Delay in child development happens due to parents’ obesity, stated new research at National Institutes of Health. The research team found that, kids of obese mothers can’t even pass a test of fine motor skill, like they can’t well move muscles in hands and fingers. Kids of obese fathers can’t compete socially. Kids of very obese parents fail in problem solving tests.

This research study published in Pediatric, was held by scientists at the NIH's Eunice Kennedy Shriver National Institute of Child Health and Human Development (NICHD).

Earlier studies in this area only included pre and post pregnancy weight of the mother, said the study's first author, Edwina Yeung, Ph.D., an investigator in NICHD's Division of Intramural Population Health Research. But, the new study includes info about both mothers and fathers.

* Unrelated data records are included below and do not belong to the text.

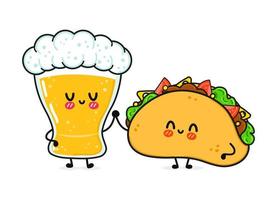 schattig, grappig vrolijk glas bier en taco. vector hand getekend kawaii stripfiguren, illustratie pictogram. grappige cartoon glas bier en taco mascotte vrienden concept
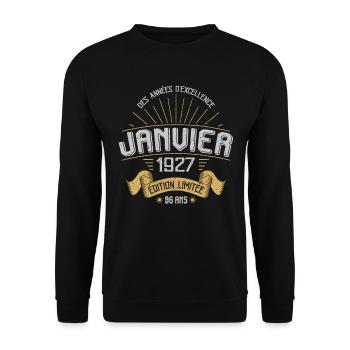 Des Années D'excellence Janvier 1927 96 Ans - Sweat-shirt Unisexe - noir - Devant - Alina (178cm) & Michal (187cm)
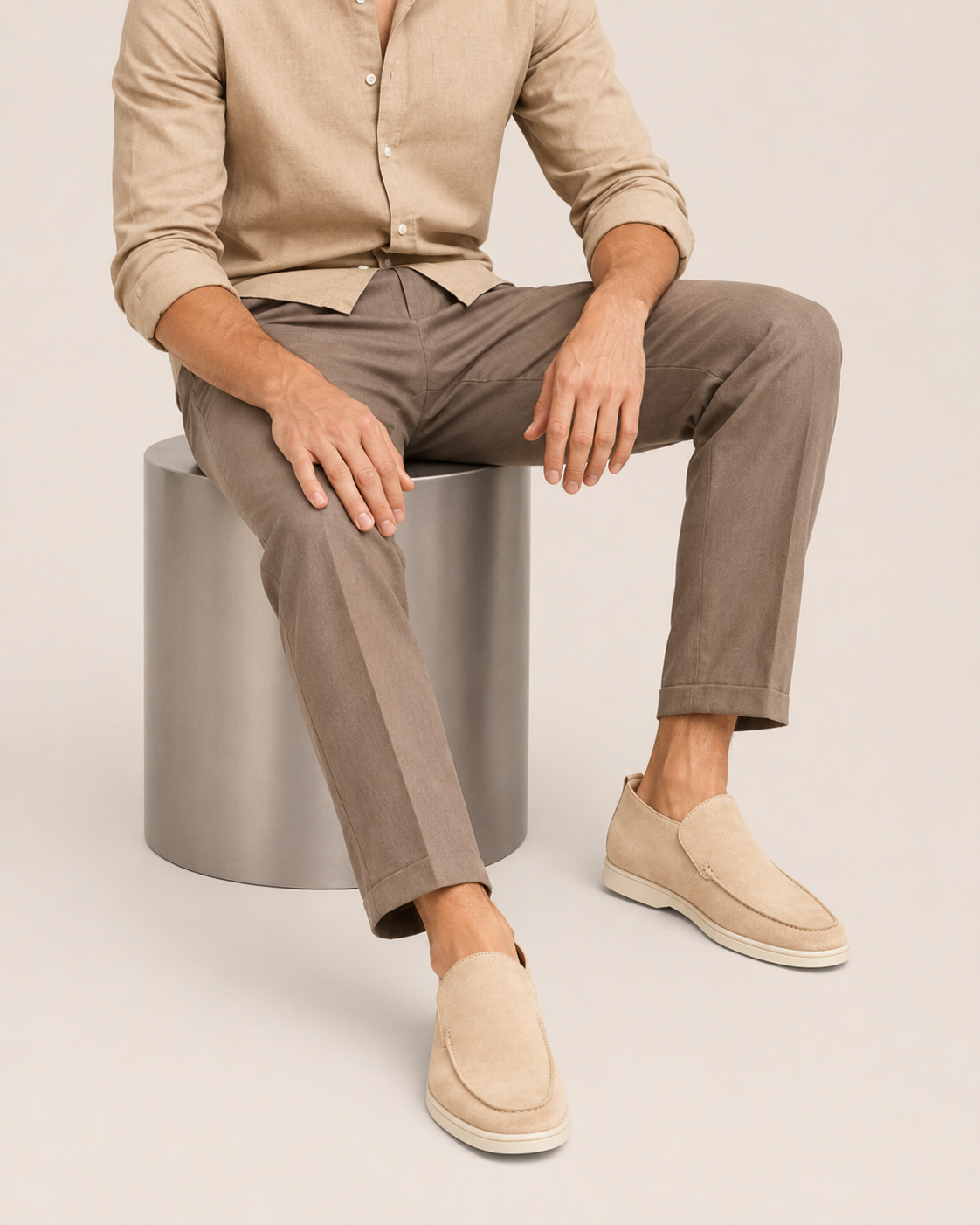 Moreno Suede City Loafer Khaki – Positano Life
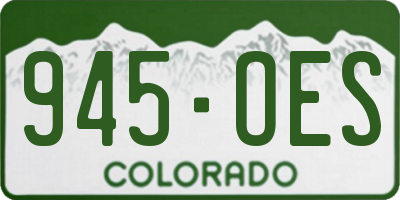 CO license plate 945OES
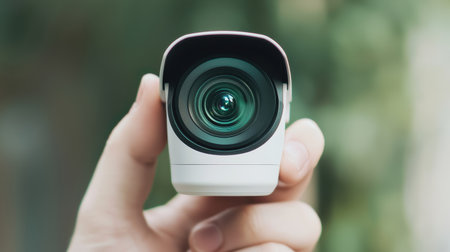 Close-up of modern surveillance camera with wide lens mounted outdoors on a building for security monitoring and surveillance in urban environment.の素材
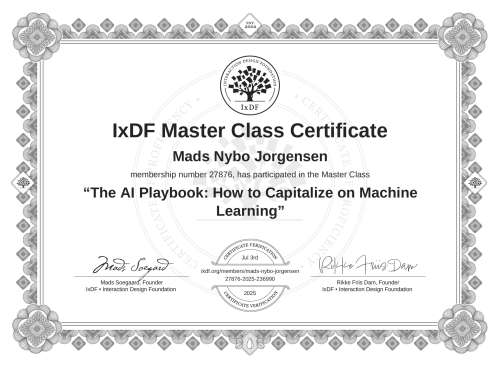 The AI Playbook: How to Capitalize on Machine Learning certificate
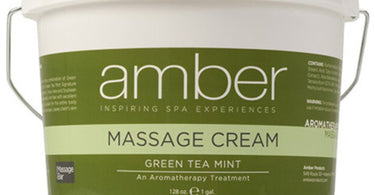 One gallon bottle of Amber Products Green Tea Mint Massage Cream, a professional product for spas and salons.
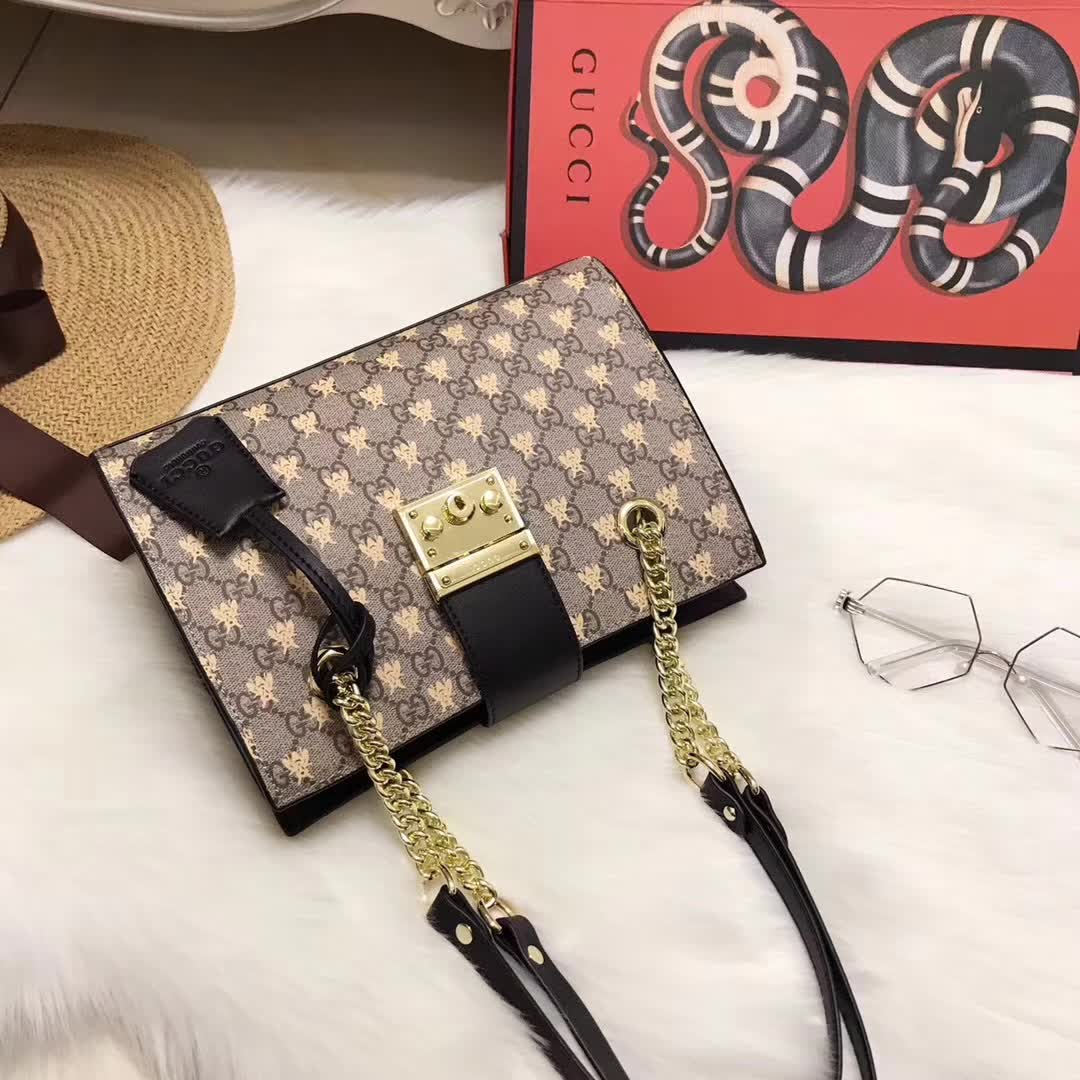 1:1 Replica Gucci Padlock Small GG Supreme Canvas Shoulder Bag with Printed Bees - Image 5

One to 5 pregnant women in the US is overweight, cited by Dr. Yeung and her coauthors.

The authors used data from the Upstate KIDS study that was based to find the effects of fertility treatments on child development from birth to age 3. The study included 5000 women 4 months after child birth between 2008, and 2010 in the New Yorkstate.

Parents were asked to complete certain activities with their kids, and also filled the questionnaire. The research did not diagnose any disease, instead it aimed at finding issues with kids for further tests.

Kids were tested from the age of 4 months upto 3 years. At the time of enrollment, the mother gave all info about their health and weight, before and after pregnancy and also father’s weight were noted.

70 percent kids from obese parents failed the test compared to kids from normal weight parents. The study found that obesity affects genes in sperm, and also promotes inflammation.

Authors report that, if the study is confirmed than physicians may consider parents’ weight while screening young children for delays.

Eunice Kennedy Shriver National Institute of Child Health and Human Development conducts and supports research in the United States and worldwide on fetal, infant and child development; maternal, child and family health; reproductive biology and population issues; and medical rehabilitation. For more information, visit NICHD's website.

National Institutes of Health NIH is the nation's medical research agency, that has 27 Institutes and Centers and is a component of the U.S. Department of Health and Human Services.

NIH is the primary federal agency that conducts basic, clinical, and translational medical research, and investigates the causes, treatments, and cures for rare and common diseases.